3GPP telah memulai studinya pada tahun 2015 dan telah merilis terus spesifikasi barunya dalam bentuk rilisan hingga yang terbaru adalah rilisan ke-17 yang dijadwalkan rilis tahun 2021. Setiap rilisan akan menuliskan standarisasi baru untuk digunakan pengembang seperti operator menjadi standar produknya.

Menurut laporan ITU-R pada November 2017, perkembangan utama yang terjadi pada 5G adalah peningkatan kecepatannya. 5G akan mampu bekerja dengan kecepatan hingga 20 Gbps unduh dan 10 Gbps unggah. Manajemen jaringan juga ditingkatkan dengan kemampuan lebih dari satu juta perangkat dalam satu meter persegi.
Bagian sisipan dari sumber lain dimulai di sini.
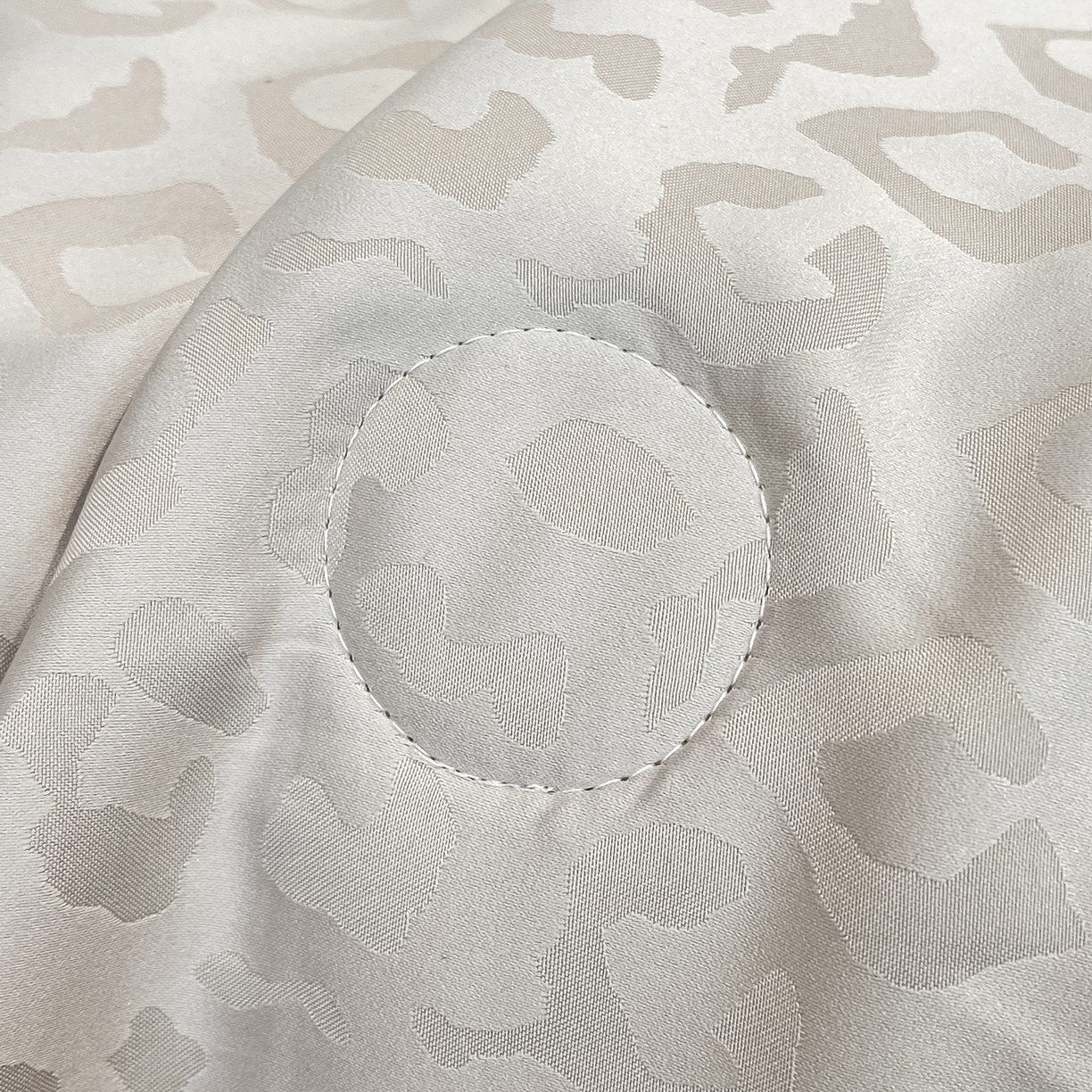 91家纺网 家纺一手货源 找家纺 逸尚阁 2026新款水洗真丝豹纹夏被四件套 豹纹夏被-灰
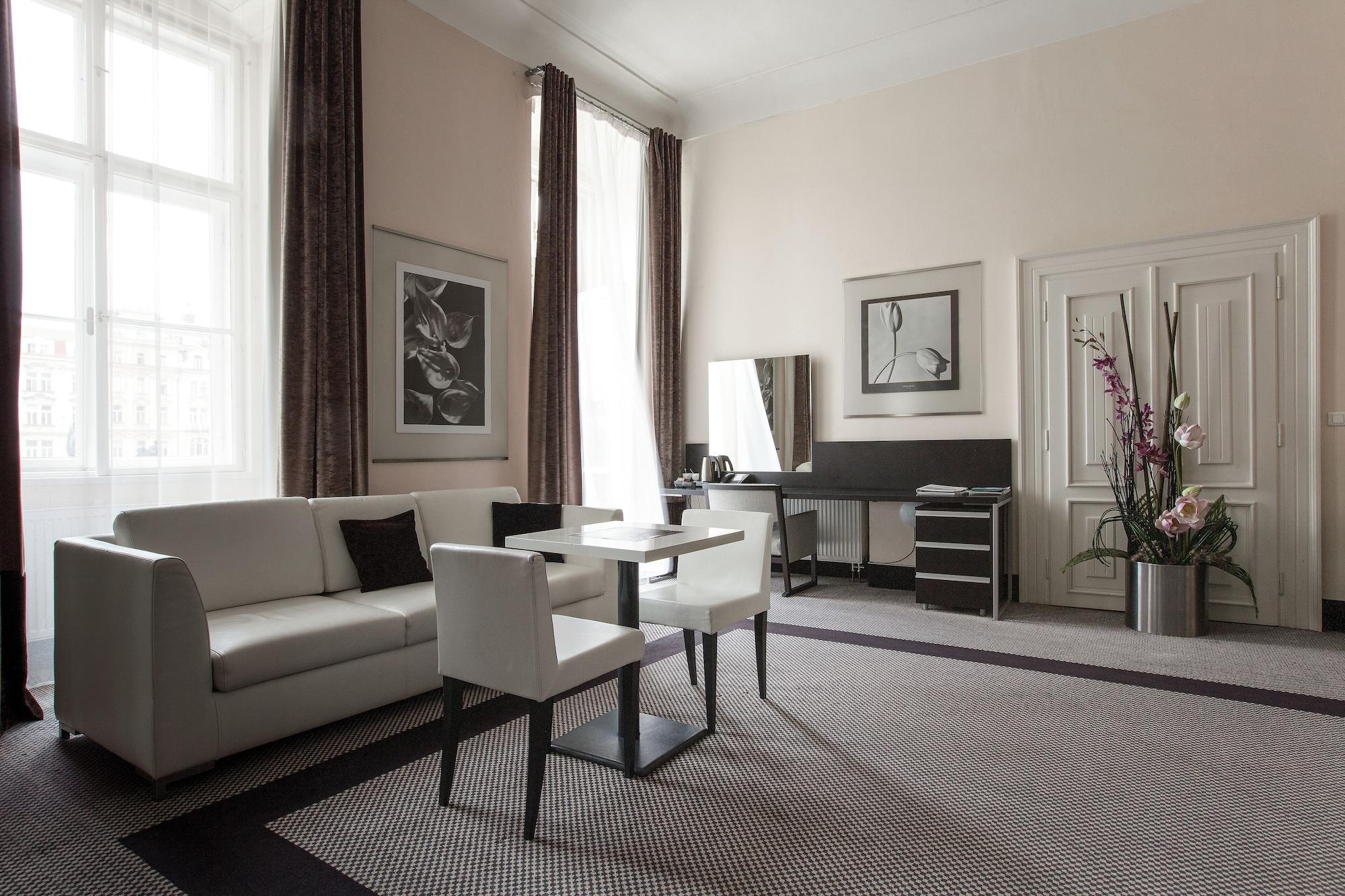 Old Town Square By Emblem Aparthotel Prague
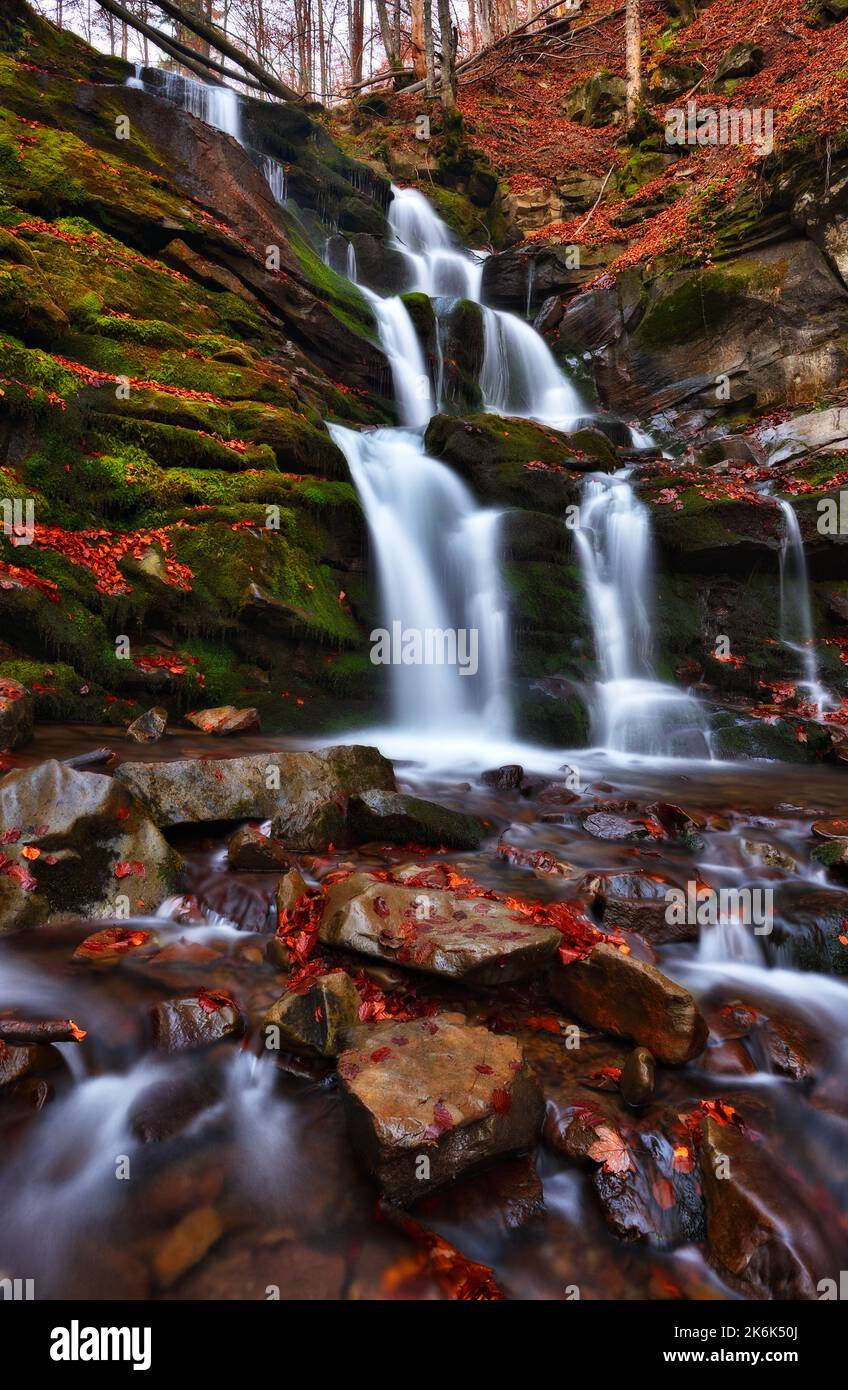 Malerischer Wasserfall im Herbstwald. Natur der Ukraine Stockfoto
Mobilitas jaringan bisa bekerja dalam kecepatan hingga 500 kilometer per jam. 5G juga menjanjikan latensi hanya sebesar satu milidetik.

ITU telah memberikan tiga fungsi utama untuk 5G, yaitu Enhanced Mobile Broadband (eMBB), Ultra Reliable Low Latency Communications (URLLC), and Massive Machine Type Communications (mMTC).

eMBB menunjukkan bagaimana 5G menjadi sebuah perkembangan atas 4G karena kecepatannya, kemampuannya, dan latensinya. URLLC berarti penggunaan 5G pada aplikasi atau unsur penting yang menjadi esensi utama suatu perusahaan yang biasanya membutuhkan pertukaran data yang masif dan tanpa gangguan.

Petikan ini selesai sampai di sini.